It's normal to feel on edge working in almost any industry these days. Why? Ongoing economic uncertainty, fear of layoffs, artificial intelligence-driven change, and heavy workloads are major stressors, with up to 65% of workers citing job insecurity as a key source of anxiety. There is no magic fix, but proven coping strategies can reduce anxiety, burnout, and harm to well-being. The following strategies build on each other. Test them and see if they make a positive difference.
- Recognize what you're feeling and verbalize it. Say, "I'm feeling anxious about my job." This breaks avoidance and denial patterns, lowering emotional intensity and facilitating calmer thinking.
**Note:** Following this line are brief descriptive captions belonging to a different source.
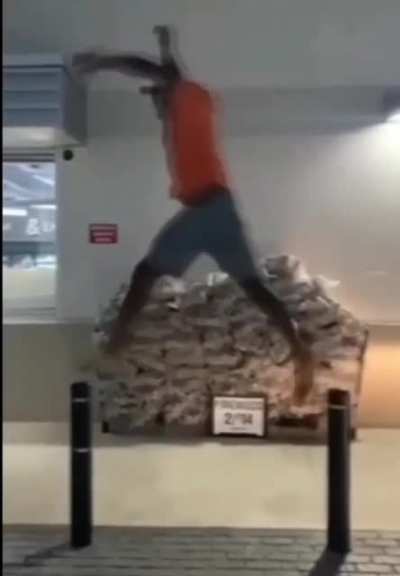 Guy takes a critical hit jumping from one pole to another.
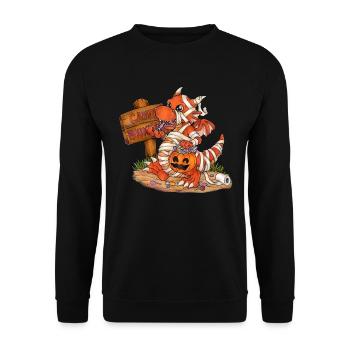 Lustiger Drache im Mumien Kostüm für Halloween - Unisex Pullover - Schwarz - Vorne - Alina (178cm) & Michal (187cm)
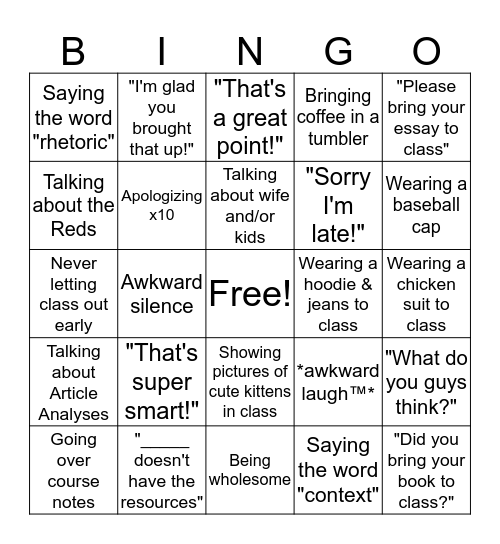 Derico Bingo Card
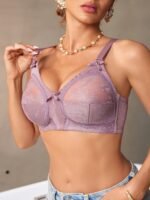 Brelegant Black Lace Wireless Bra With Bow Detail - Breathable, High Support, Full Coverage, Semi-Sheer Design For Women, Full Coverage Lingerie | Sophisticated Style | Underwirefree Support - Image 10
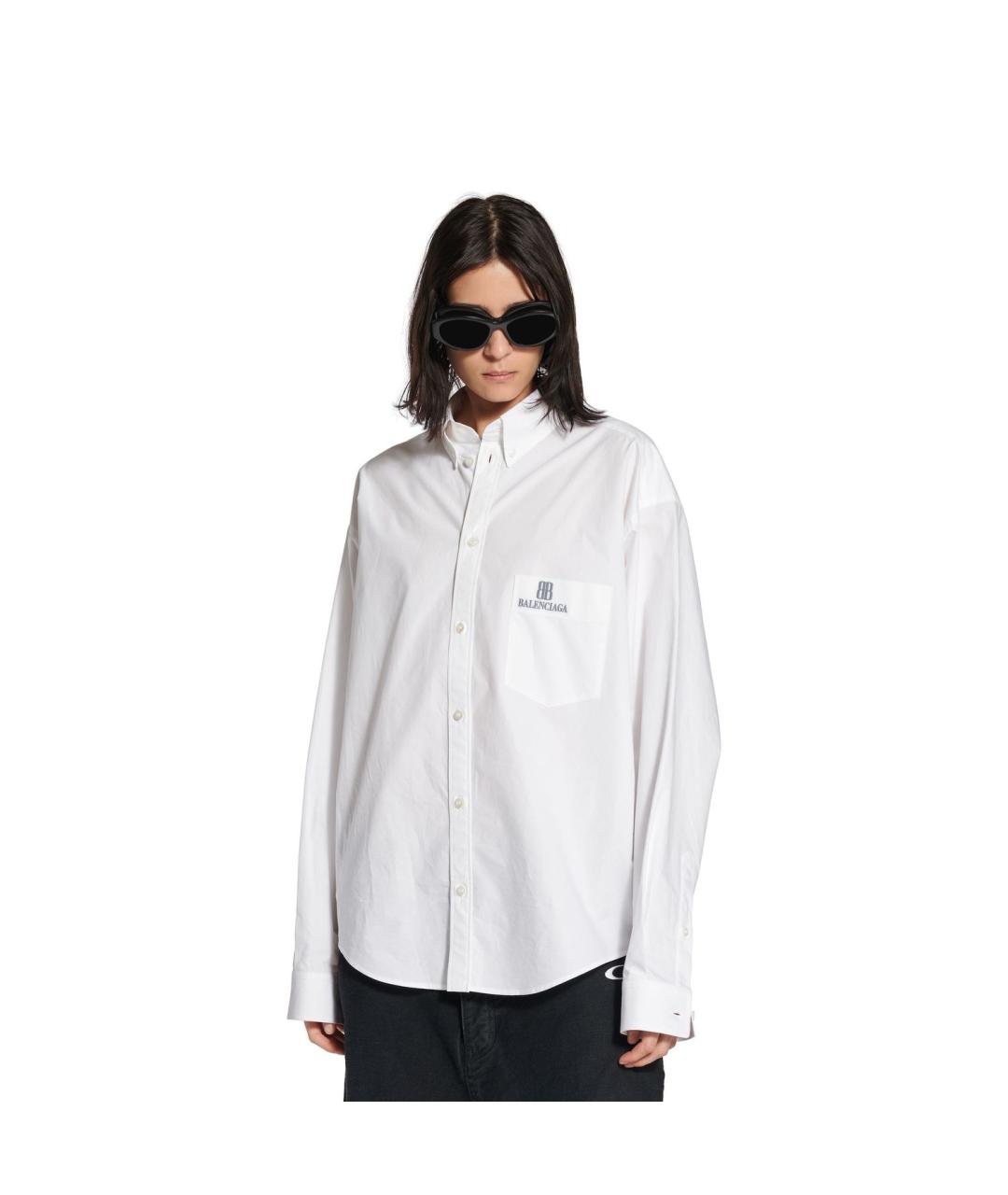 BALENCIAGA Белая хлопковая рубашка, фото 3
- Act on what you can control. You can't predict employer decisions, but you start a $20-a-week emergency fund, update a resume, or learn a new skill. Small actions restore a sense of control.
- Do the basics: sleep, exercise, get good nutrition and hydration, and use stress-management skills.
- Lighten the emotional load by talking with people who offer empathic listening rather than advice. Healing comes from being heard.
- If worry overwhelms you, write your concerns down, even at night. This offloading through expressive writing calms the mind and limits catastrophizing.
- Be proactive to avoid helplessness. Counter it by updating skills, networking, researching, and building connections.